This document provides sample Hive scripts that are used to explore data in Hive tables in an HDInsight Hadoop cluster.
The following menu links to topics that describe how to use tools to explore data from various storage environments.
Prerequisites
This article assumes that you have:
- Created an Azure storage account. If you need instructions, see Create an Azure Storage account
- Provisioned a customized Hadoop cluster with the HDInsight service. If you need instructions, see Customize Azure HDInsight Hadoop Clusters for Advanced Analytics.
- The data has been uploaded to Hive tables in Azure HDInsight Hadoop clusters. If it has not, follow the instructions in Create and load data to Hive tables to upload data to Hive tables first.

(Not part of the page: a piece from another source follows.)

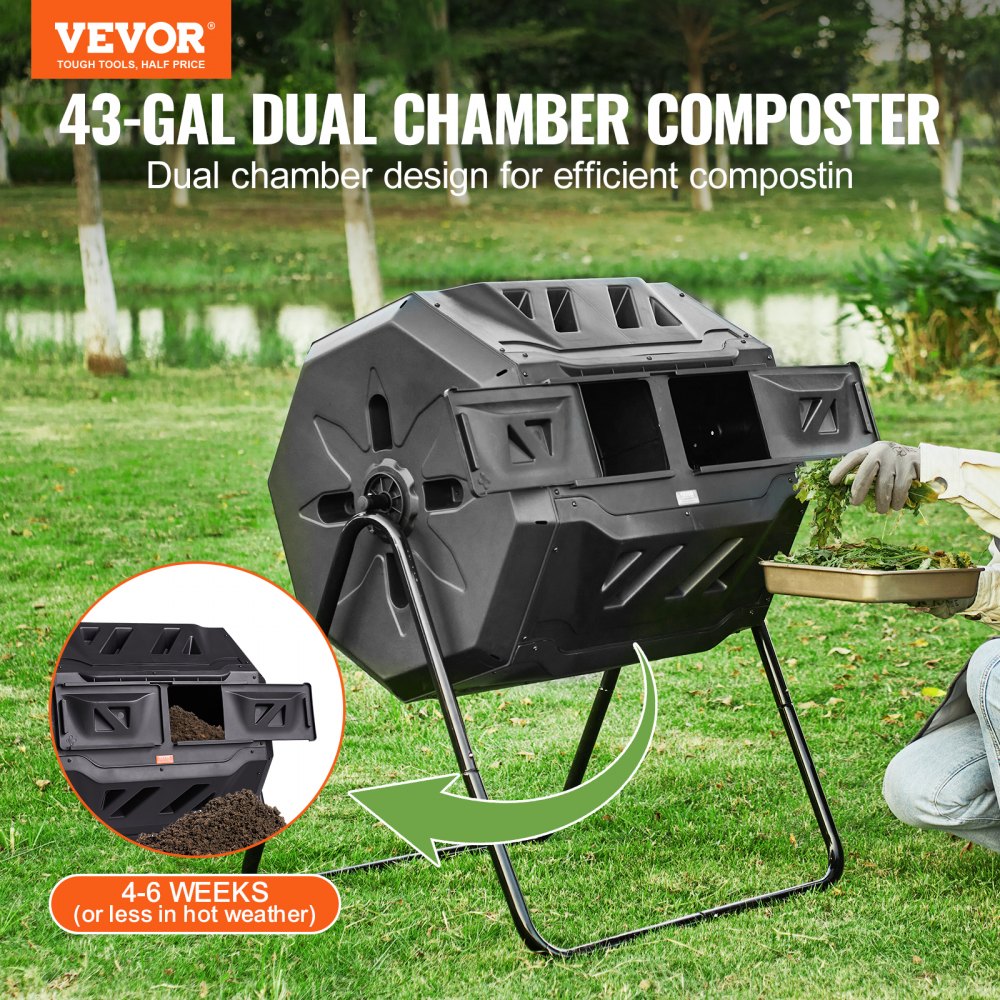 Compost Bin, 43-Gal Dual Chamber Composting Tumbler, Large Tumbling Rotating Composter with 2 Sliding Doors and Steel Frame, BPA Free Composter Bin Tumbler for Garden, Kitchen, Yard, Outdoor Compost Bin, 43-Gal Dual Chamber Composting Tumbler, Large Tumbling Rotating Composter with 2 Sliding Doors and Steel Frame, BPA Free Composter Bin Tumbler for Garden, Kitchen, Yard, Outdoor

- Enabled remote access to the cluster. If you need instructions, see Access the Head Node of Hadoop Cluster.
- If you need instructions on how to submit Hive queries, see How to Submit Hive Queries
Example Hive query scripts for data exploration
- Get the count of observations per partition
SELECT <partitionfieldname>, count(*) from <databasename>.<tablename> group by <partitionfieldname>; - Get the count of observations per day
SELECT to_date(<date_columnname>), count(*) from <databasename>.<tablename> group by to_date(<date_columnname>); - Get the levels in a categorical column
SELECT distinct <column_name> from <databasename>.<tablename> - Get the number of levels in combination of two categorical columns
SELECT <column_a>, <column_b>, count(*) from <databasename>.<tablename> group by <column_a>, <column_b> - Get the distribution for numerical columns
SELECT <column_name>, count(*) from <databasename>.<tablename> group by <column_name> Extract records from joining two tables
SELECT a.<common_columnname1> as <new_name1>, a.<common_columnname2> as <new_name2>, a.<a_column_name1> as <new_name3>, a.<a_column_name2> as <new_name4>, b.<b_column_name1> as <new_name5>, b.<b_column_name2> as <new_name6> FROM ( SELECT <common_columnname1>, <common_columnname2>, <a_column_name1>, <a_column_name2>, FROM <databasename>.<tablename1> ) a join ( SELECT <common_columnname1>, <common_columnname2>, <b_column_name1>, <b_column_name2>, FROM <databasename>.<tablename2> ) b ON a.<common_columnname1>=b.<common_columnname1> and a.<common_columnname2>=b.<common_columnname2>
Additional query scripts for taxi trip data scenarios
Examples of queries that are specific to NYC Taxi Trip Data scenarios are also provided in GitHub repository. These queries already have data schema specified and are ready to be submitted to run.